Can drones help in the fight against COVID-19?

Can drones help in the fight against COVID19 concept of drone technology, graphic of quadrocopter control interface

Imagine that the next time the world faces another pandemic like COVID-19, drones are ready to take to the skies to provide help. Some are able to quickly release necessary supplies, notify medical professionals to attend to those at risk, and safely disinfect hard-hit areas, while others employ cutting-edge technology such as thermal sensors, which are able to identify symptoms such as elevated body temperatures.

In the meantime, drones enable shops, restaurants, businesses, and even schools, to continue delivering essential goods and services from a distance, potentially saving immeasurable lives.

This does sound like a plot for a Sci-Fi movie but how soon is it becoming reality?

If the current pandemic has any silver linings, it is that we are able to work together even from a distance to help protect communities against COVID-19. While millions of us are doing what we can by staying at home and taking the right precautions when we venture out, some innovators are testing new approaches that may benefit us in the future.

Since 2014, SkySkopes has been a trusted Drone Services Provider (DSP) for clients in industries like energy, utilities, transportation, oil and gas, where workers are exposed to hazardous conditions and named one of the top five DSP companies in the world by Frost & Sullivan. Headquartered in the Grand Forks, the North Dakota-based company is now testing innovative drone applications in collaboration with North Dakota State University, Grand Forks County, and the Research Institute for Autonomous Systems.

As early detection has been proven effective in the prevention of the rapid spread of infections, SkySkopes is conducting research on drone technology that could potentially detect unusually high temperatures. Using advanced, commercially available Optical Gas Imaging (OGI) and thermal sensors on the ground, SkySkopes can check participants for body heat that could indicate symptoms consistent with the novel coronavirus.

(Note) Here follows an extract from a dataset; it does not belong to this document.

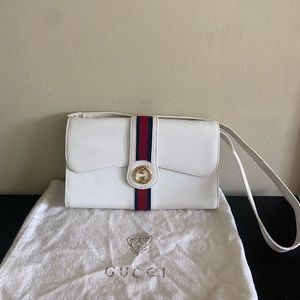 Vintage white leather Gucci purse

They are also testing using drones for the touch-free delivery of necessities and medical supplies, and also the sanitation of playgrounds, by cleaning surfaces with disinfectants, which are not harmful to humans.

SkySkopes has always known that drones have the capability to solve some of humanity’s most demanding problems, if they can be scaled efficiently. Early in their program, SkySkopes used spreadsheets and various other tools to manage their drone program. However, as the company scaled up and systems grew more complicated, they needed a single platform to manage their entire aviation operations.

That’s why they turned to Skyward, a Verizon company. Skyward helps companies in all industries see clearly, act intelligently, and fly with confidence through software and consulting services designed for power safety, efficiency, and access to airspace.

The platform-agnostic fashion of Skyward is extremely beneficial,” says SkySkopes President and CEO Matt Dunlevy. “Being able to just reach into your pocket, to see what you need to see and schedule what you need to schedule with your teams is an indispensable feature. There just isn’t a way to scale without something like Skyward.”

For more than four years, SkySkopes has relied on Skyward to manage its drone program from a single platform accessible from any device at any time. As a leading authority on safe, efficient drone operations, Skyward’s software and expert guidance helps SkySkopes oversee everything from teams and equipment to projects and flights. Skyward also helps the company manage operational data and makes it easy for pilots to comply with aviation regulations.